-------- DATA SHOWN --------
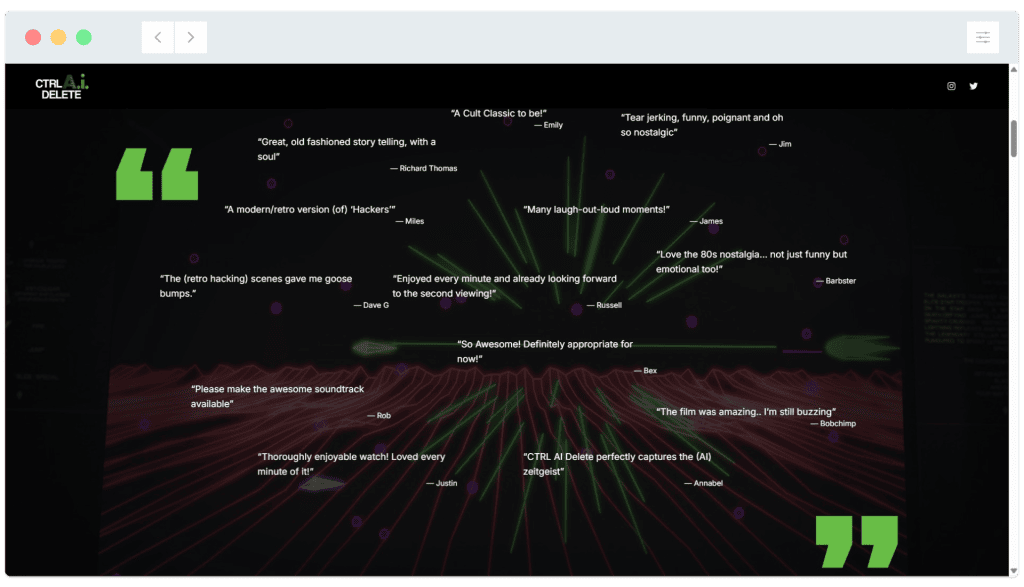 A black digital background with a green “CTRL + DELETE” logo and various movie review quotes scattered across the image.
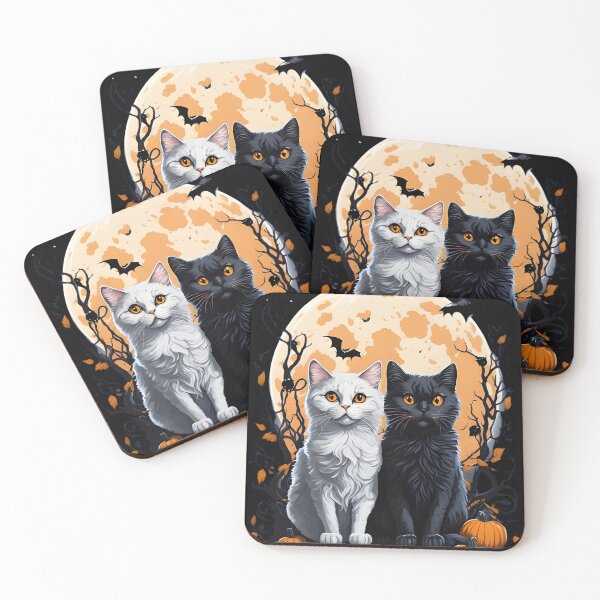 Item preview, "Harmonious Halloween: Cat Lovers Under the Big Full Moon with Black and White Couple Cats" designed and sold by ratchawoot.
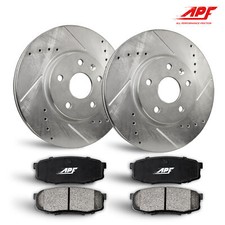 Rear Zinc Drillslot Brake Rotors Ceramic Pads For Volkswagen Routan 2013-2014 Rear Zinc Drillslot Brake Rotors Ceramic Pads For Volkswagen Routan 2013-2014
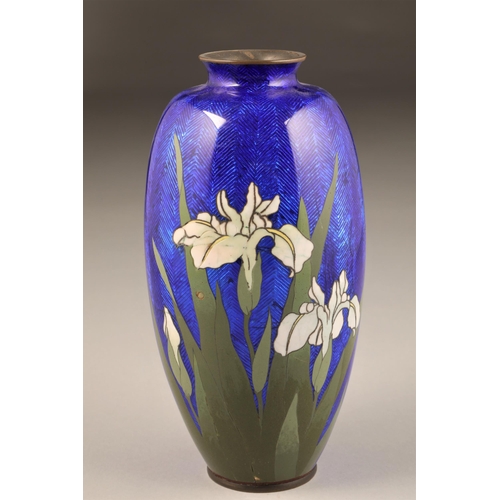 266 - Japanese cloisonne vase, baluster form, blue ground decorated with flowing iris, height 24cm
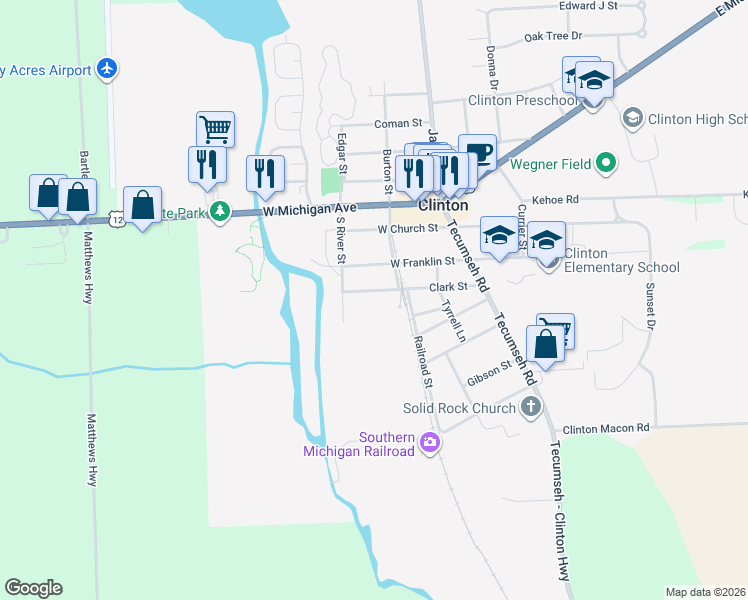 map of restaurants, bars, coffee shops, grocery stores, and more near 315 Clark Street in Clinton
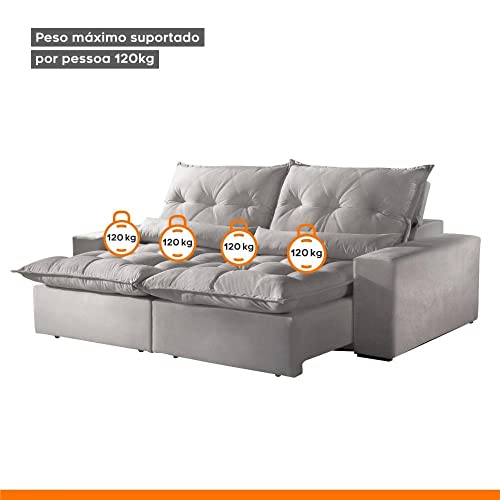 Sofá Retrátil e Reclinável 4 Lugares 250cm Avalon Super Pillow Montano Estofados Veludo Cinza
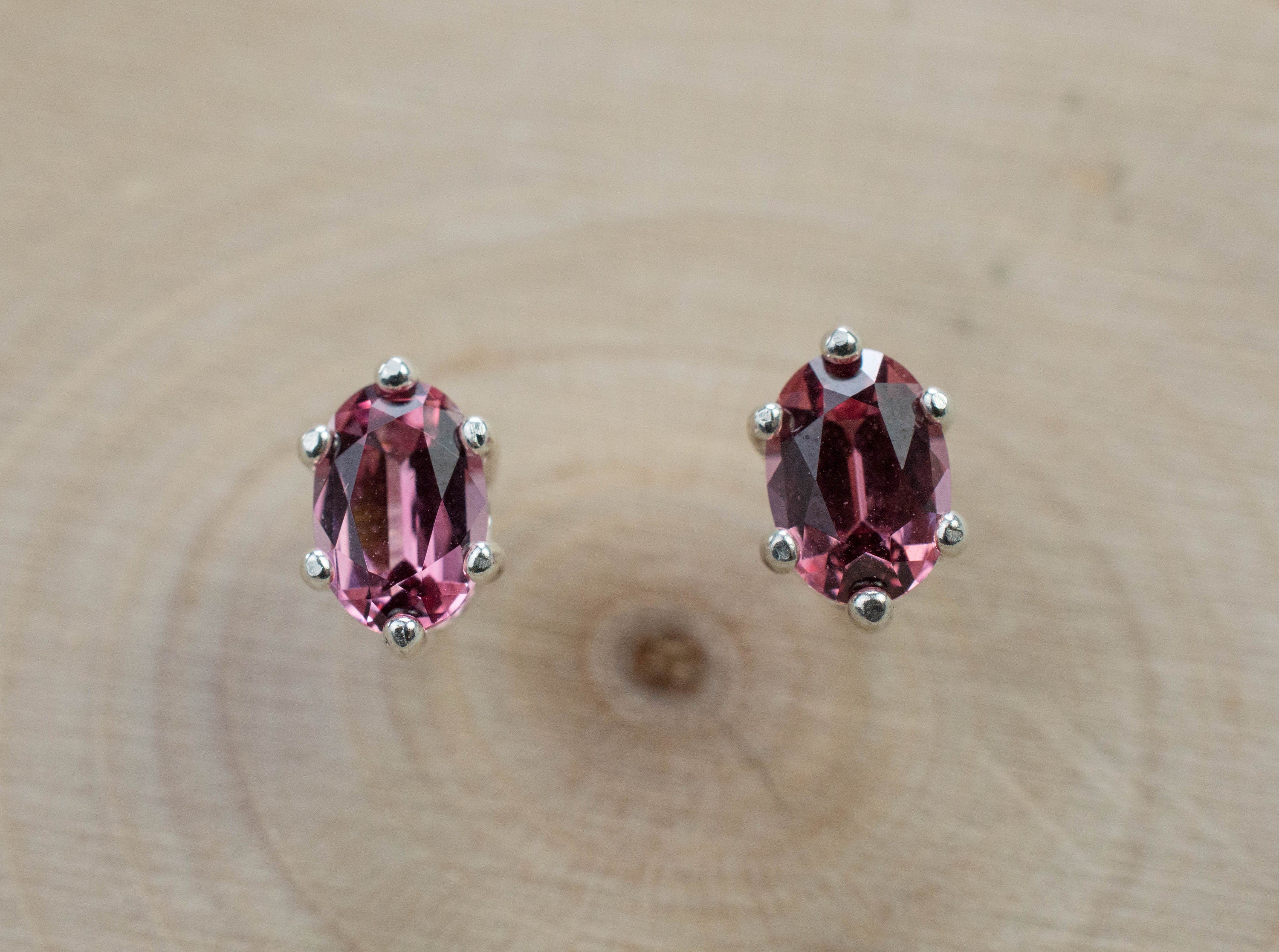 Pink Spinel Earrings; Natural Untreated Vietnam Spinel; 0.960cts - Mark Oliver Gems
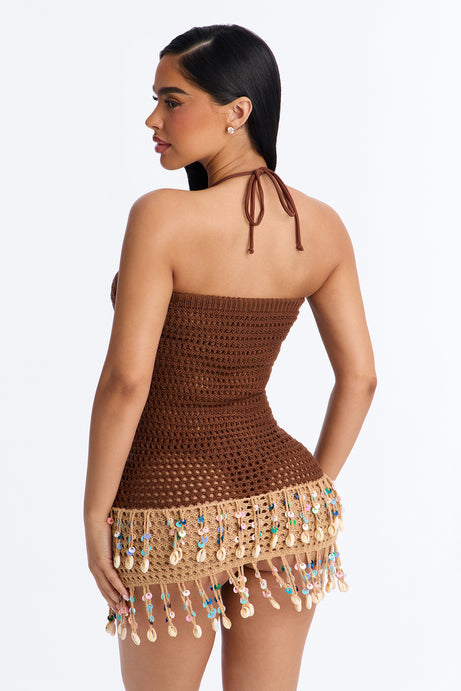 Shauna Crochet Beaded Strapless Cover Up Mini Dress - Brown/combo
--------
*GOAL OF THE EXERCISE:* The answer must be an exact copy of the lines from the start of the records above through the line containing "Routan 2013-2014 Rear", with no pictures in it.

*RESPONSE FOR THIS EXERCISE:*
 A black digital background with a green “CTRL + DELETE” logo and various movie review quotes scattered across the image.
 Item preview, "Harmonious Halloween: Cat Lovers Under the Big Full Moon with Black and White Couple Cats" designed and sold by ratchawoot.
 Rear Zinc Drillslot Brake Rotors Ceramic Pads For Volkswagen Routan 2013-2014 Rear Zinc Drillslot Brake Rotors Ceramic Pads For Volkswagen Routan 2013-2014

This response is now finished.